RESEARCH GOALS AND HIGHLIGHTS


The Goldsmith Lab performs interdisciplinary research using state-of-the-art electronic-structure theory and molecular simulation, as well as data analytics tools, to understand catalysts and materials under realistic conditions, and to help generate a platform for their design and use in sustainable fuel production, energy storage, and pollution reduction. See the posters below for more information about our current research thrusts and recent research highlights.

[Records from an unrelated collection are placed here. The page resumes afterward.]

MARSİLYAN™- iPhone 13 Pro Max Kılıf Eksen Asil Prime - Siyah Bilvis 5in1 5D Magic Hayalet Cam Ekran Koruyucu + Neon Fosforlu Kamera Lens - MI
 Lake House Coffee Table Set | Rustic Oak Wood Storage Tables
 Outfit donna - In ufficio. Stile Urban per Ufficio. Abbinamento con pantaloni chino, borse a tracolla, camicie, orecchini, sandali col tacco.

Catalysts and materials for a sustainable future

Click the poster for info about some of our research group thrusts, namely: (i) Understanding nanoclusters and single atom catalysts supported by metal oxides for sustainable chemical conversion; (ii) Amorphous materials for their use as catalysts and supports for alternative fuel production and pollution reduction; (iii) Electrocatalysis for fuel production, energy storage, and wastewater remediation; and (iv) Using machine learning to accelerate discovery of catalysts and materials.


Machine learning for heterogeneous catalysis

In a recent perspective, Goldsmith and colleagues discuss several examples where machine learning is making an impact on heterogeneous catalysis research such as: (1) accelerating catalyst active site determination and catalyst screening; (2) finding descriptors and patterns in catalysis data; (3) creating interatomic potentials for catalyst simulation; and (4) discovering and analyzing catalytic mechanisms. Ultimately, the power of machine learning has just begun to be exploited in heterogeneous catalysis research, with much room remaining for advancement. Read here.

Electrocatalytic reduction of wastewater pollutants

With the decreasing price of renewable electricity, electrocatalysis is becoming a promising approach to sustainably remediate organic and inorganic pollutants in wastewater. One major wastewater pollutant is nitrate (NO3⁻). Nitrate pollution of aquatic ecosystems and drinking water has become a serious problem around the world and poses a threat to human health and the environment. To help address this challenge, we are studying the reaction mechanism for nitrate reduction on a variety of electrocatalysts, with the goal to engender the design of improved nitrate reduction electrocatalysts. Our computational predictions are validated and refined through experimental collaborations.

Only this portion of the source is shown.